▶ **EXERCISE REQUIREMENTS**
Below are some entries. Transcribe the lines from the one holding "Snapshot of edixann_more" to the one holding "Used 1987 Mercedes-Benz 560 SL image 16", inclusive, but not the pictures among them.

+++ DATA

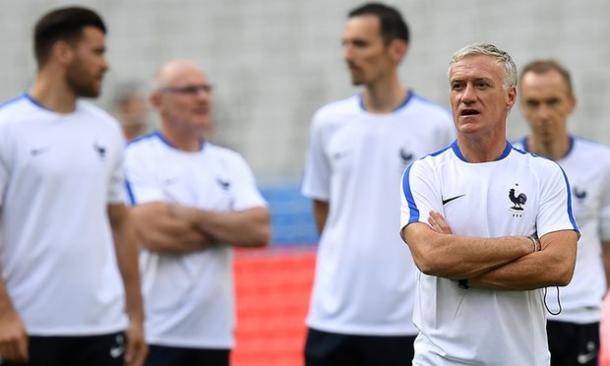 Deschamps and his team checked out the Stade de France on Thursday (photo; UEFA)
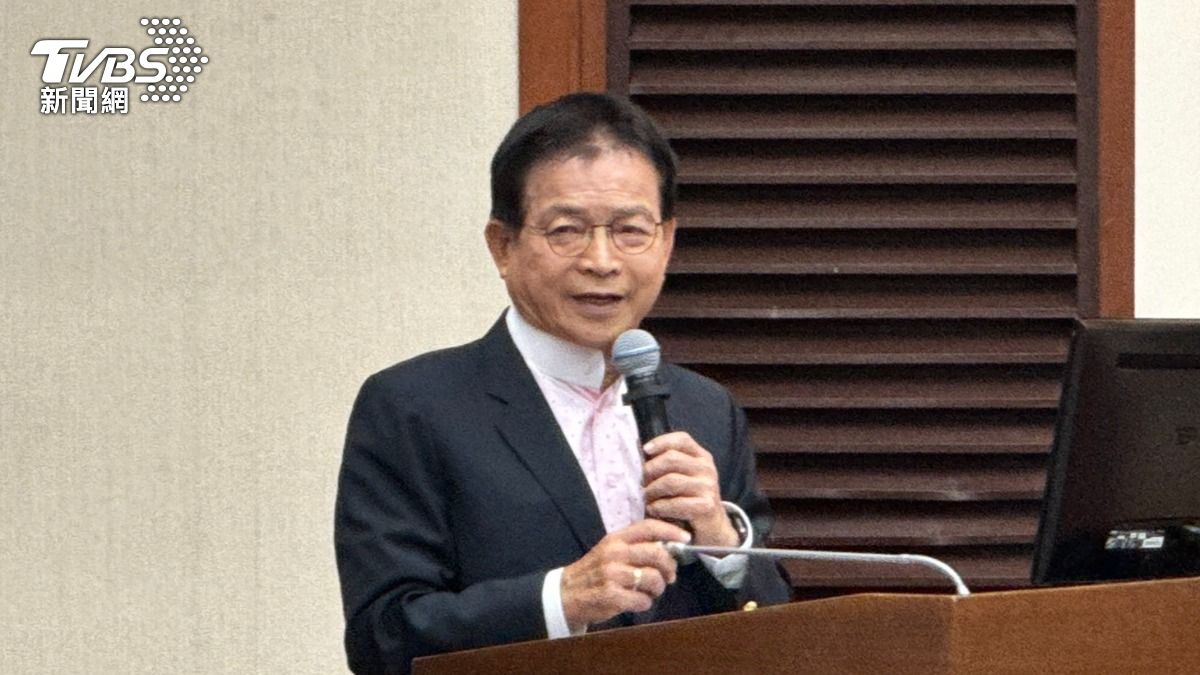 立委賴士葆批評《財劃法》就是皇帝制度,分配不均。(圖/謝佩穎攝)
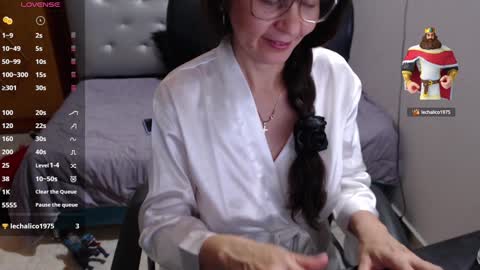 Snapshot of edixann_more chatting on February 5, 9:36 am Eddye online show from February 5, 9:36 am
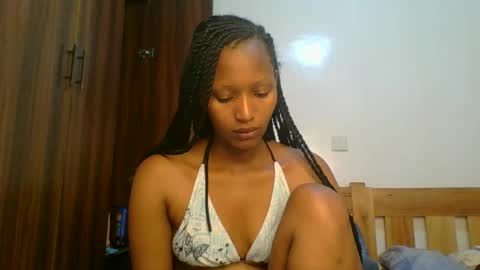 Snapshot of sweet_melod chatting on 03/04/26, 02:50 Linda online show from 03/04/26, 02:50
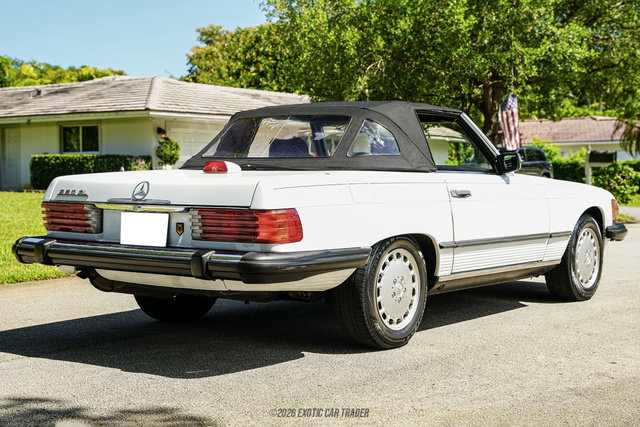 Used 1987 Mercedes-Benz 560 SL image 16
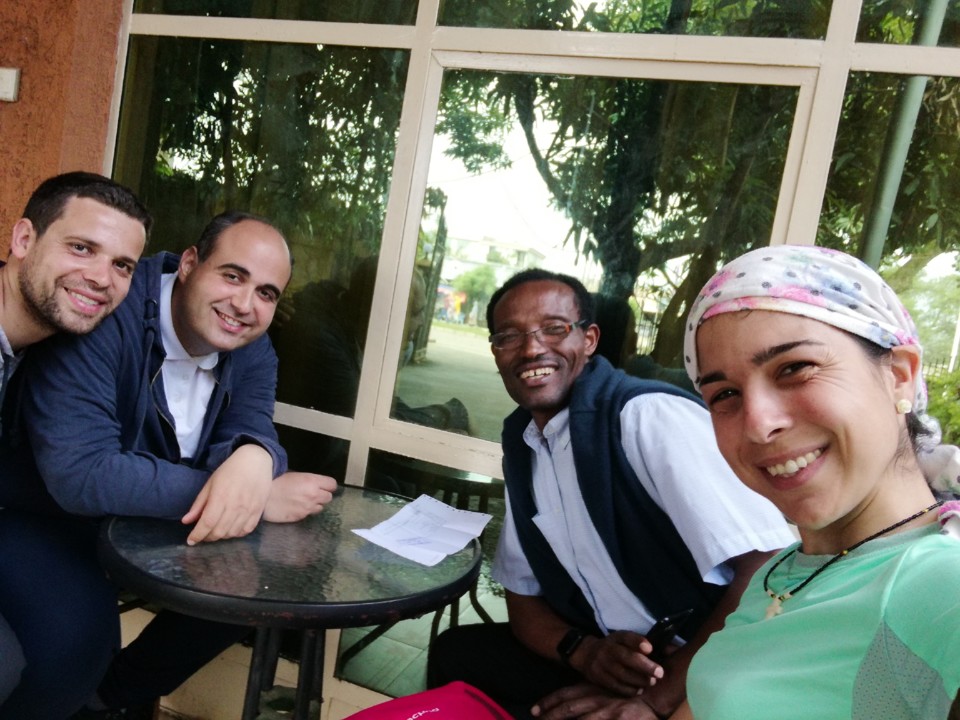 Saídas em comunidade – Pedro, David, Pe. Endrias e eu.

++++++

▶ **RESULT OF THE EXERCISE**
 Snapshot of edixann_more chatting on February 5, 9:36 am Eddye online show from February 5, 9:36 am
 Snapshot of sweet_melod chatting on 03/04/26, 02:50 Linda online show from 03/04/26, 02:50
 Used 1987 Mercedes-Benz 560 SL image 16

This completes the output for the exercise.